Anche perché una delle caratteristiche del lavoro dell’artista spagnolo è la costante ispirazione alla natura, in particolare alle sue forme e al suo divenire, simulati mediante l’uso di un impasto denso, voluminoso e solitamente scuro.
Il Mediterraneo e il mondo africano costituiscono le principali fonti d’ispirazione per l’artista.
Barcelò ha lasciato la sua traccia sul nostro territorio.
Nel 1983 lavorò in un laboratorio sulle pendici del Vesuvio, attratto dalla ricchezza materica di natura vulcanica, che fu la base di molte sue opere.
E testimonianza di questo periodo è l’opera L’ombra che trema, che fa parte della Collezione Terrae Motus della Reggia di Caserta, voluta dal gallerista napoletano Lucio Amelio all’indomani del terremoto del 1980.

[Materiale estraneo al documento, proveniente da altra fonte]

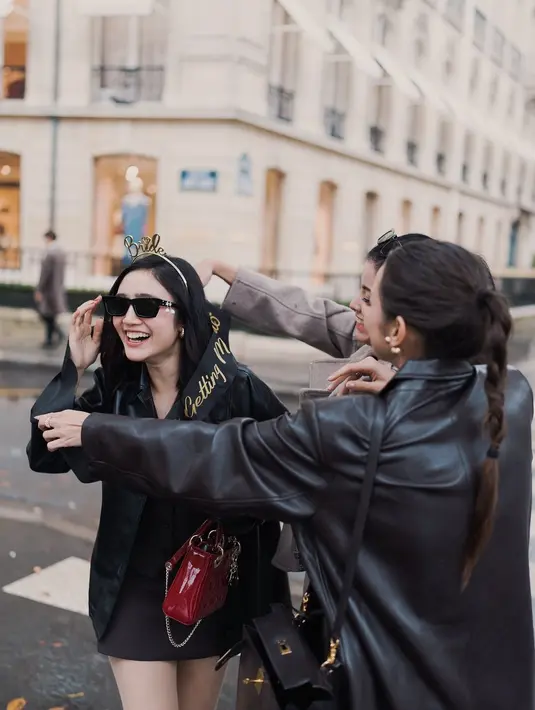 Kenakan selempang bride to be, Febby Rastanty kenakan rok mini dan vest cokelat berlapis jaket kulit. Sembari jinjing tas Lady Dior berwarna merah, Febby kenakan veil yang bervolume [@medinadinaaa]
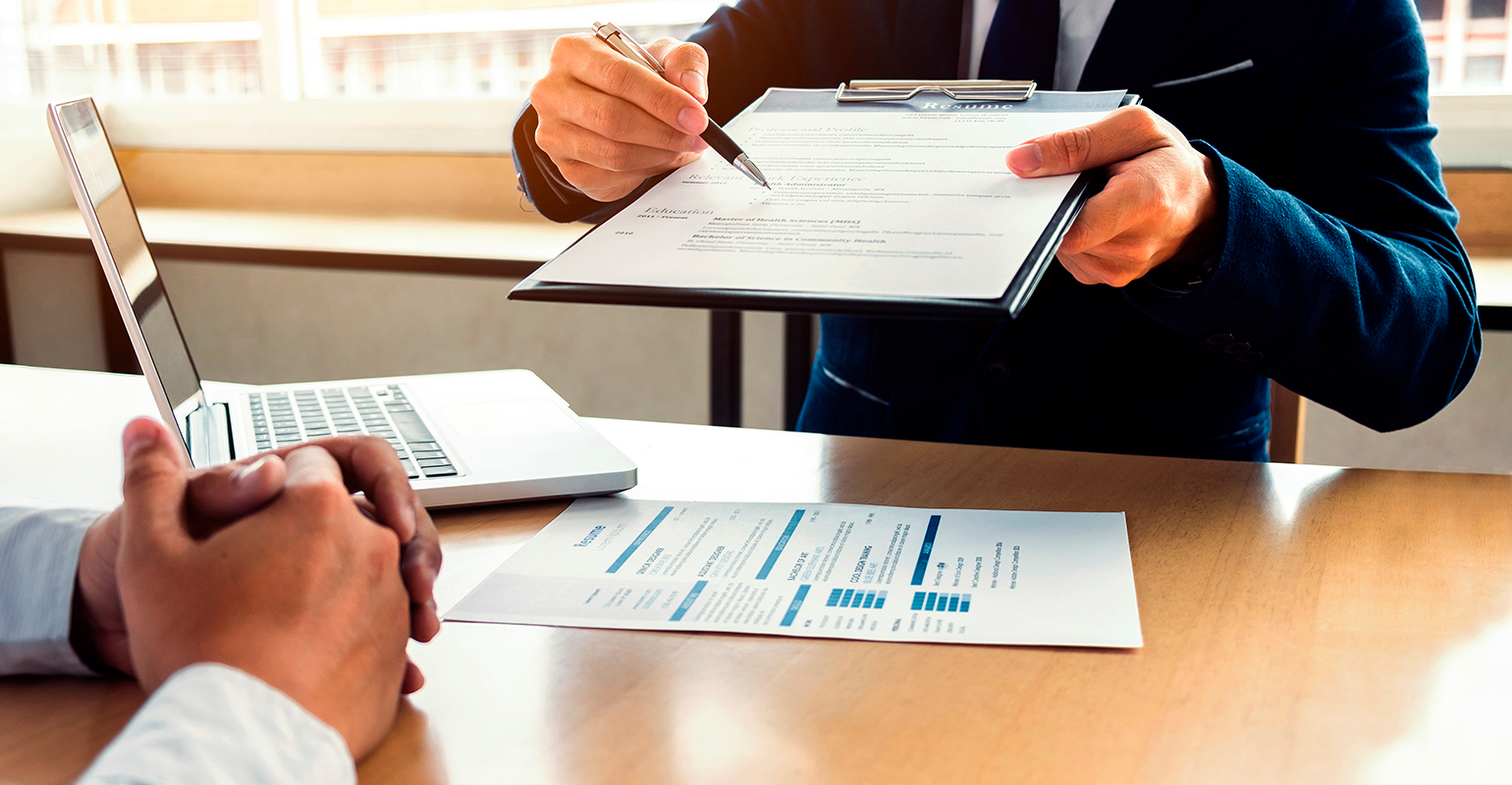 Job interview... 'Sign here.'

Concludo dicendo che nell’arte neo-espressionista polimaterica di Barceló, confluiscono e coesistono armonicamente elementi del Barocco, dell’Art Brut, dell’Espressionismo Astratto Americano, dell’Arte Povera e delle opere degli spagnoli Joan Miró e Antoni Tàpies, elevandolo tra gli artisti contemporanei più originali ed importanti del panorama internazionale.
Nonché l’artista spagnolo più quotato.
La sua arte è un grido forte, energetico, che fa eco a quello della natura.
Un grido difficile da ascoltare, soprattutto per il pubblico generale, ma che bisogna assolutamente cercare di comprenderlo.
Un grido è una delle manifestazioni più forte, istintive e dirette connesse alle emozioni, alle situazioni.
Un grido non è mai fine a se stesso, è un atto comunicativo.